Quando foi anunciado, Esquadrão Suicida não deveria ser um filme do tamanho que acabou chegando aos cinemas. Ele parecia muito mais uma tentativa da Warner de fazer algo estranho, claramente no embalo da fórmula que deu muito certo para a Marvel e seu Guardiões da Galáxia. Só que o lançamento PODRE de Batman vs Superman acabou por transformar o filme sobre vilões tentando salvar o mundo na possível virada do Universo DC nos cinemas.

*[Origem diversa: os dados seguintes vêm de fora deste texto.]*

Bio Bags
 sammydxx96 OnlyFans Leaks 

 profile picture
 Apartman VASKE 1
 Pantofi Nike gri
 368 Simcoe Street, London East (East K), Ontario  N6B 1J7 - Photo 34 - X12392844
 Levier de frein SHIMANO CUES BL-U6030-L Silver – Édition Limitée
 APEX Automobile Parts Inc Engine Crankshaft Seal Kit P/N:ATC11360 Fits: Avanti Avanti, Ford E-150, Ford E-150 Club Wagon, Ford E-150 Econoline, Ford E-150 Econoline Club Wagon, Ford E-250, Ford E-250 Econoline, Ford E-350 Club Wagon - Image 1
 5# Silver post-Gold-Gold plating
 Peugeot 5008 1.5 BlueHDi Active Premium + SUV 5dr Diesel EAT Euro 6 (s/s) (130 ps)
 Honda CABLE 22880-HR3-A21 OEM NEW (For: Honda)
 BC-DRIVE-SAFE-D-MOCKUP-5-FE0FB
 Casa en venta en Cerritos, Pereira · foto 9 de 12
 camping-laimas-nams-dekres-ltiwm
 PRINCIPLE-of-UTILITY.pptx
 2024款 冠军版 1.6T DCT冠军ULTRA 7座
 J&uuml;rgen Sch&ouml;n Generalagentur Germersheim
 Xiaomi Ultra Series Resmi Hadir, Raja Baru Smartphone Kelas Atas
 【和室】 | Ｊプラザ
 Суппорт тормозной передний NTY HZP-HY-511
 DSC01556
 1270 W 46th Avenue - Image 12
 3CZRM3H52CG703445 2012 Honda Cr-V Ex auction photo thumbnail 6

Pois bem, é possível dizer que sim, Esquadrão Suicida é o filme mais divertida desse Universo Cinematográfico da DC. Isso também não significa que ele seja um filme maravilhoso.

O bom

A melhor maneira de falar o que achei de Esquadrão Suicida é falar das coisas que eu realmente gostei nele. Apesar de ter alguns personagens desnecessários e que estão ali só pra aparecer mesmo, é possível dizer que as versões de Pistoleiro, Amanda Waller, Arlequina, Capitão Bumerangue e El Diablo são BEM legais ali.

O Pistoleiro tem a vantagem de ter o Will Smith como ator e, por mais que tenha gente reclamando que é o Will Smith sendo o Will Smith, sinceramente, não importa muito. O cara faz valer a sua posição como possível última grande estrela de Hollywood ali e, em algumas cenas, traz o peso necessário pro filme.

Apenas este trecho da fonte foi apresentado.